Another critical part of our context: we have flexible and fast source control, and a group of developers who have learned how to use it competently. We have decoupled source control from build automation, so that we can perform builds of branches in progress without merging them to a mainline. We can achieve a sufficient degree of continuous integration without actually putting each change directly into the same code line.
Review Code Early
How long after code has been written should it be reviewed? Hours or days, not weeks. For this reason, we commit and push code frequently (to a disposable branch of course) where others can see it for early review. It can be a challenge to get past the ego-driven desire to make code perfect before exposing it to the scrutiny of others, but it is worthwhile. By exposing code to review and comment early in its life, a developer can get useful feedback early in a unit of work.
Review Code Often
Another anti-pattern of code review is to look at a given proposed change only once or twice. That is sensible for a very small change, but for a complex change to a complex system it is best to perform code review repeatedly as work proceeds. For example, consider a feature that takes four weeks to implement. Our typical approach, which I recommend to others (if their context is reasonably similar to ours, see above) is something like this:
- Review the code a few days in.
- Review the code progress once a week or so.
- Review the code when it is nearly ready to be called “done” and to go in the mainline.
- If there are fixes needed, review those promptly so as not to cause delay.
Review Code Now
Code waiting for review is a drag on the speed of development; the right time to review code is now. A quick review now is probably more valuable than a deep review deferred.
Review Code as a Gate
In some organizations, code review happens asynchronously and sporadically, after code is already part of a project. This risks software quality collapse. Once code is in the mainline of a product, it is arguably too late to review. If a reviewer finds a problem with code already in a system, there will be pressure to sweep that problem under the rug and move on, or to convince your that is not really a problem, or that quality doesn’t really matter, just this once.
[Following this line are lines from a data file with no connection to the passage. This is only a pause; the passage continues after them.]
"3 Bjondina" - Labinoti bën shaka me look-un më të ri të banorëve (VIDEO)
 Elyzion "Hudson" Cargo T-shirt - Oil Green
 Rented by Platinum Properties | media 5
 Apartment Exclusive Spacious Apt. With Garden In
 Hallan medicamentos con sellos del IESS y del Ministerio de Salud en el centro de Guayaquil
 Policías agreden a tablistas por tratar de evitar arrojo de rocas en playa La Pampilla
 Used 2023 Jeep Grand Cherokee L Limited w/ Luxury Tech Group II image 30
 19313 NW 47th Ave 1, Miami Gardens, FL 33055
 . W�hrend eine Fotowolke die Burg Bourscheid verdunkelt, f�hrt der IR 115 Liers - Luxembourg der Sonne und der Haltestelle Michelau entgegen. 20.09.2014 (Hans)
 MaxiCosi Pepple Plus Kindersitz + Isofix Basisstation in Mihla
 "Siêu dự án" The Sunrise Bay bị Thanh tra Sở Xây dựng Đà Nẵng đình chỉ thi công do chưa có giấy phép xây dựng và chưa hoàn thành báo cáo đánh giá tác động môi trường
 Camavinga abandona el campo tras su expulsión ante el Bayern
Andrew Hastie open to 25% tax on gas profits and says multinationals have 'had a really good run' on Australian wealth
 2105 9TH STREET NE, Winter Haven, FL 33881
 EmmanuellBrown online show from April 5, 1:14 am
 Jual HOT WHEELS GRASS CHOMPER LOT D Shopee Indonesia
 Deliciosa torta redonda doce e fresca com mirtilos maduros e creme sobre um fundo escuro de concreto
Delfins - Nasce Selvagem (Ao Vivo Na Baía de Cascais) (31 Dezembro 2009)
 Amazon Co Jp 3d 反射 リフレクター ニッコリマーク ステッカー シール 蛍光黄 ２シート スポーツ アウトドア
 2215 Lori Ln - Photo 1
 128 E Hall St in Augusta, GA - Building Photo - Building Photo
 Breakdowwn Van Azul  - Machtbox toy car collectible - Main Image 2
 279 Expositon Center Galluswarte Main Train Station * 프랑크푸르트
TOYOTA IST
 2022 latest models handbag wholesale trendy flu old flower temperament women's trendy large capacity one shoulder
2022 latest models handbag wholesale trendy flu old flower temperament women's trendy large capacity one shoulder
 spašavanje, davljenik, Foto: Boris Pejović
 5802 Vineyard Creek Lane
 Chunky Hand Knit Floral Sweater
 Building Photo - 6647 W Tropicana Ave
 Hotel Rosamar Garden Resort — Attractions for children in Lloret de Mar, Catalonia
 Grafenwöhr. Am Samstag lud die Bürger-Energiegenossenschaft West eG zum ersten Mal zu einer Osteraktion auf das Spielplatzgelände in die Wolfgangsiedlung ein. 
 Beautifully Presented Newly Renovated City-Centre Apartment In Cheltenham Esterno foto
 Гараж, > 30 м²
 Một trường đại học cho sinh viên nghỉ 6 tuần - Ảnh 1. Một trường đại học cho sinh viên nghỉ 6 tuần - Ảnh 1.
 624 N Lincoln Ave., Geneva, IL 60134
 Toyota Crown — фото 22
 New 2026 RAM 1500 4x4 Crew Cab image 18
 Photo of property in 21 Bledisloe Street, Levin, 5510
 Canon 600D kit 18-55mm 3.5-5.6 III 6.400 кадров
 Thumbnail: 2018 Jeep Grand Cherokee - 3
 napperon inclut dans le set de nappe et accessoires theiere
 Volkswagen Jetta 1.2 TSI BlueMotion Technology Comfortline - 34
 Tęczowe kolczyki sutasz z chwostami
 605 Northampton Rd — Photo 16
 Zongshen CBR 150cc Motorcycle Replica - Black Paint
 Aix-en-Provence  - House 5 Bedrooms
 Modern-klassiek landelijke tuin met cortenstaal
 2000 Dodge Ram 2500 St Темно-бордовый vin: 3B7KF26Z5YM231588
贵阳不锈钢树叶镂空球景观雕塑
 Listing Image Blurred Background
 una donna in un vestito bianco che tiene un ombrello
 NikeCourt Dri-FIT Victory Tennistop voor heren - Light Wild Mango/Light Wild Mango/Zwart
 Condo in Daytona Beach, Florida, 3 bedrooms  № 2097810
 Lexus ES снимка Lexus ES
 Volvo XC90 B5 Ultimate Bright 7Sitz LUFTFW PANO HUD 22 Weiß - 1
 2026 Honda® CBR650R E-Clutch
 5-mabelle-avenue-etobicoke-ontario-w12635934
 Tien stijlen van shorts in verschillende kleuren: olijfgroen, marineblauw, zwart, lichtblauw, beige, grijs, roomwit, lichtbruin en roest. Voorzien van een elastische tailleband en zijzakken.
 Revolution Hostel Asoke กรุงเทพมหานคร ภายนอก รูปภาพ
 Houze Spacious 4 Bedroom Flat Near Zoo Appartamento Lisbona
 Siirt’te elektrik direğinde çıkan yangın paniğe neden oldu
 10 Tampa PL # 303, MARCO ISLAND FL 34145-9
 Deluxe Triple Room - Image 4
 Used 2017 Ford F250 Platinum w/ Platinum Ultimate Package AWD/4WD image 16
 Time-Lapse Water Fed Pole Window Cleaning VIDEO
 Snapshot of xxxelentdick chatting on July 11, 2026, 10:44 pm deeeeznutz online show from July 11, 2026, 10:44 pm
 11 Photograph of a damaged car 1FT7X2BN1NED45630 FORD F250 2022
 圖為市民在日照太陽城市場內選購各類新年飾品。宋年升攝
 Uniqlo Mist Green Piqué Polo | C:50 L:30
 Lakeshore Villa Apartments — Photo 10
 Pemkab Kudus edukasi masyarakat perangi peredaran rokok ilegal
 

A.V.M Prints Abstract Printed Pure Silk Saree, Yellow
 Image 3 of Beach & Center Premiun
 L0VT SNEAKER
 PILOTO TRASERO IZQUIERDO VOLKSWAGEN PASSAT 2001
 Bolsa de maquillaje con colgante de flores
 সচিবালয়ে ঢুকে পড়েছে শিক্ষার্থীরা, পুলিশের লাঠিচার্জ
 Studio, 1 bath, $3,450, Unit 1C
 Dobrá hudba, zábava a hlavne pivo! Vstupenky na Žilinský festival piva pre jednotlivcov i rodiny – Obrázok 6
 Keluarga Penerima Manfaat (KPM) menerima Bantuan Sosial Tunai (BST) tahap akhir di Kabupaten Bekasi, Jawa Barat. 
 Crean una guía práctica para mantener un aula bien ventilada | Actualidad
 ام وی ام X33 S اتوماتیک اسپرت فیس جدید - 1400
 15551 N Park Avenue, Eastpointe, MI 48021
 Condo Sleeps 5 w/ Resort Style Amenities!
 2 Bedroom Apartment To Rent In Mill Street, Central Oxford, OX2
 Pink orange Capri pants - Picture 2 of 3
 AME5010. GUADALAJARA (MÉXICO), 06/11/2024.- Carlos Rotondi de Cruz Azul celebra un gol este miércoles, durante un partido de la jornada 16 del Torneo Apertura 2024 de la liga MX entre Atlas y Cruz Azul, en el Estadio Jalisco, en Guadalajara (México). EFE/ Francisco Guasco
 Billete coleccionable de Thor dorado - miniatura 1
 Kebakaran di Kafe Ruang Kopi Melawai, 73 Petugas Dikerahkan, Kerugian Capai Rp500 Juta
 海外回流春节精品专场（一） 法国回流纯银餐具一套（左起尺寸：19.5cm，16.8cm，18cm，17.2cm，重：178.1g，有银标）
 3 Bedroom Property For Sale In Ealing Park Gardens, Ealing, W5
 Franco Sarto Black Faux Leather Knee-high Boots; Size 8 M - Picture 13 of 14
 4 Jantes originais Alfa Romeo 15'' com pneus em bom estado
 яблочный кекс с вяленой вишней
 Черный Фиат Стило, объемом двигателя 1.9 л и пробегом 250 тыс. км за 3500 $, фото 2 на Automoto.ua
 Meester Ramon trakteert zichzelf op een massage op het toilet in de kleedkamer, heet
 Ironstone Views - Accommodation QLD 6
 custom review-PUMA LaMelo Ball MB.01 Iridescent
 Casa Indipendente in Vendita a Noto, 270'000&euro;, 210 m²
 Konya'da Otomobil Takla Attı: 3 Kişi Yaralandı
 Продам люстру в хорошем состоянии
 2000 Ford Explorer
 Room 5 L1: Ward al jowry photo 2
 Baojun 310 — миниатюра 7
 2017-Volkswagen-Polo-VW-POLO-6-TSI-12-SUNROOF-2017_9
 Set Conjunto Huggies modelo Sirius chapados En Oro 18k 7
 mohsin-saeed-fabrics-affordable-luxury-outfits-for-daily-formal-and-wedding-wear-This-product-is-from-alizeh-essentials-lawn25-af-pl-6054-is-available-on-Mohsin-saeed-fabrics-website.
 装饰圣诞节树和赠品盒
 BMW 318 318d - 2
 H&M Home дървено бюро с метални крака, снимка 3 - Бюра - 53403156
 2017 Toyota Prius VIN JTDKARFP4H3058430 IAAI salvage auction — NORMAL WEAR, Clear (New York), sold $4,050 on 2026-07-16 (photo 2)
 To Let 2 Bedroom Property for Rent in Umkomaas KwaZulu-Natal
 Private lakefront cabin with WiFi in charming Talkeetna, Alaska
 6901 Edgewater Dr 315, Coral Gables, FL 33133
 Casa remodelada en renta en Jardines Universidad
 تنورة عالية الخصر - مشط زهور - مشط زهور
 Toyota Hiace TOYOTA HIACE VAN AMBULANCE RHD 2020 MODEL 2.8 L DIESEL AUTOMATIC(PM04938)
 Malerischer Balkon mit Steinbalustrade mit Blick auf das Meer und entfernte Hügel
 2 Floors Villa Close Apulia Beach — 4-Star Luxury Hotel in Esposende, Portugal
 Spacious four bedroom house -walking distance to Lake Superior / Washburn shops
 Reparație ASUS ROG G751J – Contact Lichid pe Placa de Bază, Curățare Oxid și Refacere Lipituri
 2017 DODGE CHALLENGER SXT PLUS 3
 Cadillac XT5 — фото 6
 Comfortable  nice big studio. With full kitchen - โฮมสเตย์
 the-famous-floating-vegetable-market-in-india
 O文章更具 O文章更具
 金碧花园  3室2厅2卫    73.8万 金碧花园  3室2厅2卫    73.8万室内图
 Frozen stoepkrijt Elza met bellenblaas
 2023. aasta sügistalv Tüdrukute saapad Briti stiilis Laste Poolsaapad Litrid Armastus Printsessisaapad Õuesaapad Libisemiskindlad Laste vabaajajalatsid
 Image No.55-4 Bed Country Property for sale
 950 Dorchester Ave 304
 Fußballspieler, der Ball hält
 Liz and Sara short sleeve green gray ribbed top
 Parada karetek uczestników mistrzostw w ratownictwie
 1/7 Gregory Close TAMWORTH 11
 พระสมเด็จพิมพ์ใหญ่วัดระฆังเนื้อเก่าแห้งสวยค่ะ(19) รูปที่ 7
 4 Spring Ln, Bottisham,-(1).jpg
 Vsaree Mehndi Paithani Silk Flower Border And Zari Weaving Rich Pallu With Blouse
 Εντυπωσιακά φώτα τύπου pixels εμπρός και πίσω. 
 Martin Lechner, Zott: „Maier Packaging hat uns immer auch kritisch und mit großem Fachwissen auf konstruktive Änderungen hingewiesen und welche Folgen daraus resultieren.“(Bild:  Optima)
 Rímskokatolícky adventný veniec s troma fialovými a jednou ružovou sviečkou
The right answer is simple: use code review as a gate through which code must pass before it can become part of the mainline of the project. Use your source control system, and stack up proposed code changes that are nearly ready to go into the mainline. Then periodically perform your review process (whether it is in person, remote, synchronous, asynchronous, etc.). Once the code passes a final review process, then it goes in the mainline. If there are serious problems, the code sits in a branch, a developer improves it, and it tries again next time.
We have had excellent results with this approach, maintaining software quality for years on end even through ongoing development team turnover.